The road ahead is a misnomer since we drive on plain earth, shattering and jarring our bones with every rotation of the wheel. Shortly the truck is lost inside a huge bellowing mushroom of dust and we can see only the UN car behind. We follow some pre-arranged instructions, since I have long ago given up any hope of map reading, and take a turn for out intended campsite at Maralal. Predictably we get lost as the UN car owner pokes his shining pate out and utters one of his insufferable innuendoes to no one in particular. His wife must be the only person who ever responded to them any way. Eventually we find ourselves in the camping ground that is fully overgrown with savannah. We stamp down the grass, get our foods going and the sun sets at the opportune moment. Sandy declares that the roof top is a goner; Sandy declares she needs a drink and I declare that I have nothing to declare. Post dinner we repack and lighten the car. Next day morning we emerge from the campsite to realize how dirty and dusty Maralal is.
It’s a small shallow township around and upon a lowly hillock with unkempt houses scattered like matchsticks in a marathon. We fill our tanks with gas, report at the police station that is completely unnecessary except for the purpose of some under-table monetary transaction.

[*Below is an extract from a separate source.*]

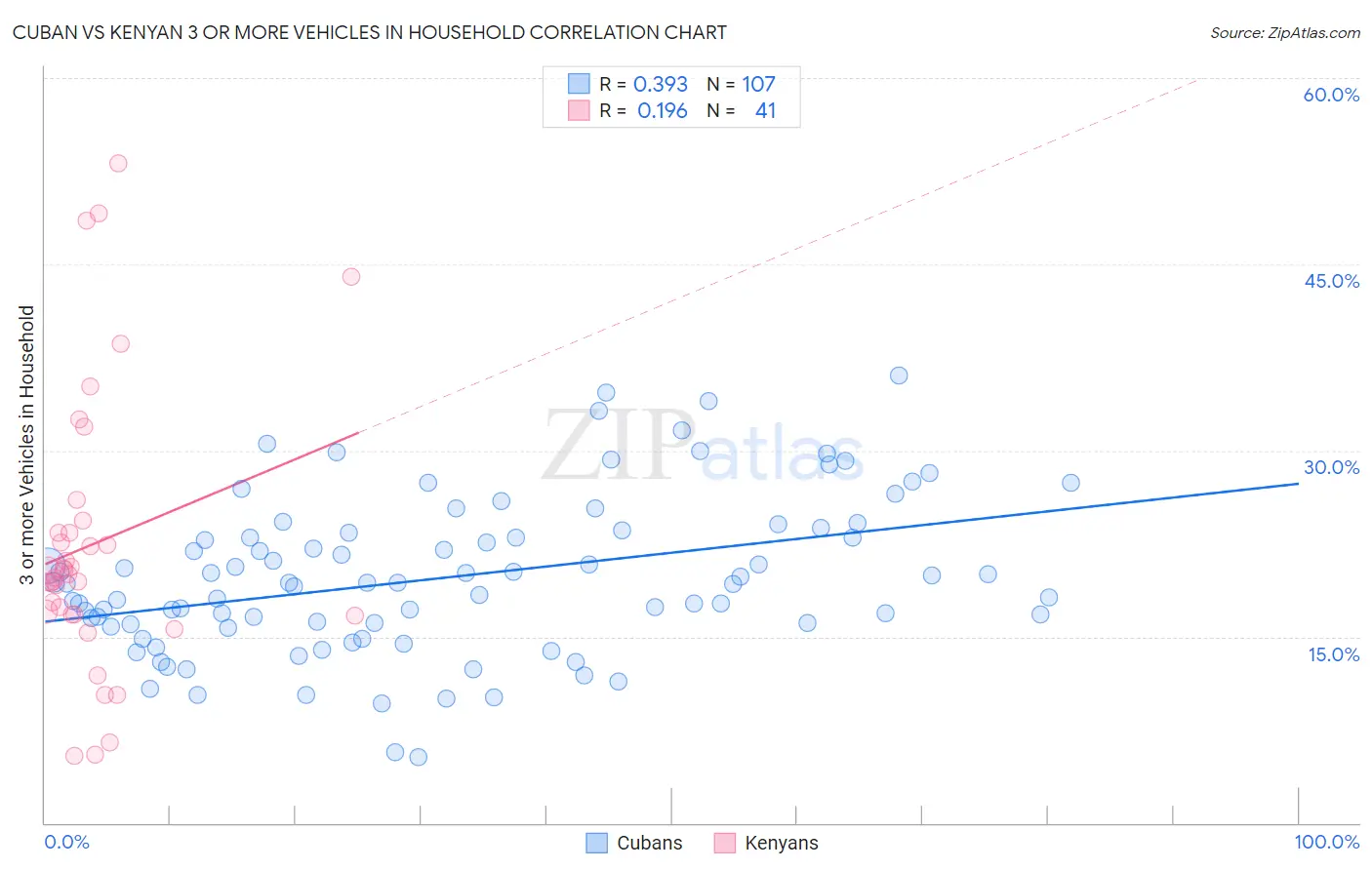 Cuban vs Kenyan 3 or more Vehicles in Household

From the main circle we start climbing upon a hill of considerable green. I shudder to think what these roads must look in rain. We all are rolling like pendulum and at several narrow places the truck nearly seems to topple over with its extra high chassis. We guzzle water. We have a mini portable fridge in the back that works on the car battery and it completely fails to cool anything bigger than a pair of oranges. Everything is at boiling point and we must have a dust layer of at least few inches if not more. The road continues to climb and with that the outside air begins to cool. Following the truck at snail’s top speed we stall at few places. Finally the truck stops at a view point and hops out all our trippers, literally tripping over each other in the rush to vacate the leviathan. The driver points out to distant valleys and hills of the eastern Rift Valley and even to the Charangany hills beyond. He asserts that this is one of the finest views in the world and I wonder how much of the world is he talking about. There are trees around and we quickly take advantage of the shades and shadows to relieve ourselves of unwanted fluid. Then the journey resumes.
We clear the trees and then start descending. The view is good with huge forest land below us bordered with distant hills. At a point we stop again and realize it’s a curio shop for selling things that you won’t buy if you aren’t mad enough to be headed this way. The ladies went in and returned gleefully though mostly empty handed. And again like before the truck rumbles on and on like an elephant with weak knees. Lunch is done beneath a thorny bush and I knock off for a while inside the car, thankful for the coat of dust on my person since that now acts as fly-barrier.
Suddenly a shanty hamlet springs up from nowhere. We are in Baragoi. I couldn’t fathom why this place should be! Not why it should be here, but why should it simply be? A Kenyan mystery. The people are poor, the shops are rickety, the roads are just clearings. No sooner we stop we are surrounded. But no one begs for money or anything else. The tribal people only look at us. Noticing Sandy’s pink nose plastered to the window, a young fellow approaches and claims he is the guy from Baragoi and can get us anything we desire. I tell him I desire to get the hell out of here. He displays his white teeth and disappears. We resume our journey. Towards the end of the day we reach a place that immediately ranks high on my book.
South Horr is a mountainous region where the Great Rift Valley, Ndoto Mountain Range and the southern edge of Chalbi Desert collide to form a curious and exciting landscape. The camping ground is an oases amidst poverty. Wide spacious bandas (cottages), running water shower, clean flush toilets, oversized open dining hall and a delightful kitchen along with playground and flower decked plants prove to be a soothing sight to our sore eyes and sorry bodies. Others head for bandas and we set up tents next to a trampoline. The night air is distinctly cool and the sky fills up with bright stars as I shower under the sky. Dark silhouettes of the surrounding hills peep at us menacingly. I await the arrival of dawn when we will see them properly. The dinner is delicious and the night cool enough to rock me to sleep.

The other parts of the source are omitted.